Pension schemes have been asked to consider whether they are being too generous when offering lump sums to people thinking about cashing out of "defined benefit" retirement schemes.
It comes amid concern that overly generous payouts could damage the remaining funds.
The Pensions Regulator wrote to 14 schemes earlier this year, encouraging them to consider making reductions.
A record £21bn flowed out of defined schemes in the year to March.
Defined benefit schemes promise people a certain level of income when they retire, such as final salary pensions, and are often described as "gold-plated".
However, in recent years firms have been offering people large cash sums to transfer out, as it gets more expensive to cover their obligations.
The letter was obtained by Royal London, one of the UK's largest pension fund managers, following a freedom of information request.
Sir Steve Webb, director of policy at Royal London, said people were routinely offered 25 to 30 times their annual pension as a lump sum transfer value - but it could be as much as 40 times.
This could mean that for a £10,000-per-year pension, someone could be offered anywhere between £250,000 and £400,000.
The former pensions minister said such generous payouts might pose a risk if the pension scheme was in deficit, or if the employer faced financial difficulties.
If large numbers of workers transferred out, he said, it could worsen the scheme's funding position and put other member's pots in jeopardy.
"I would hope that well-run pension schemes would be taking expert advice when deciding how much to offer to members wishing to transfer out," Sir Steve said.

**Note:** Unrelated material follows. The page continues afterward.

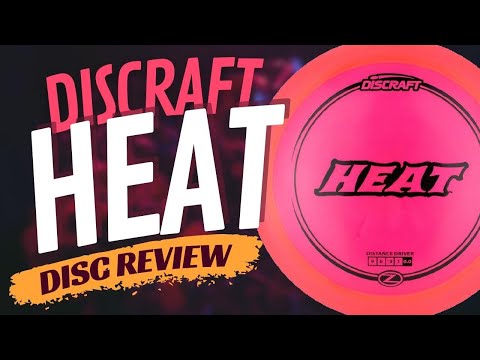 DISC REVIEW: HEAT by DISCRAFT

"But the regulator's letter is a helpful reminder to all schemes that they need to be fair not only to those transferring out but also those left behind, especially where the scheme in question is in deficit."

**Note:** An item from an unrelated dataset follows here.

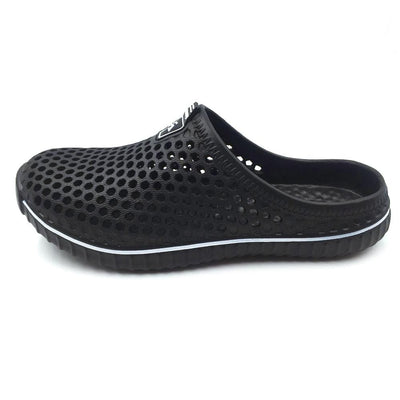 Men's Slip Into Style Sandal Slippers AM1702 - Amoji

In its letter, the Pensions Regulator said that transfers presented "certain risks" to members as they did not promise a guaranteed stream of income.
It also told the schemes, which have not been named, that it was in the "best financial interests" of most members to stick with their defined benefit schemes.
The costs of defined benefit schemes have risen as people live longer, and companies now tend to offer employees less generous defined contribution schemes.
However, large numbers of current and former workers still rely on them.
A spokesman for the Pensions Regulator said: "Our primary concern is that defined benefit scheme members requesting a cash equivalent transfer value have all the information they need to make an informed decision about what is in their best interests.
"This includes understanding the fees that are charged under any new pension arrangement as these can make a significant difference to the value of the fund.
"As a result, we are working closely with the Financial Conduct Authority and The Pensions Advisory Service to provide an increased level of support to trustees and scheme members where there is uncertainty around the future of a defined benefit pension scheme.
"This includes providing letters for trustees to send members alerting them to the risks of transferring and giving practical information."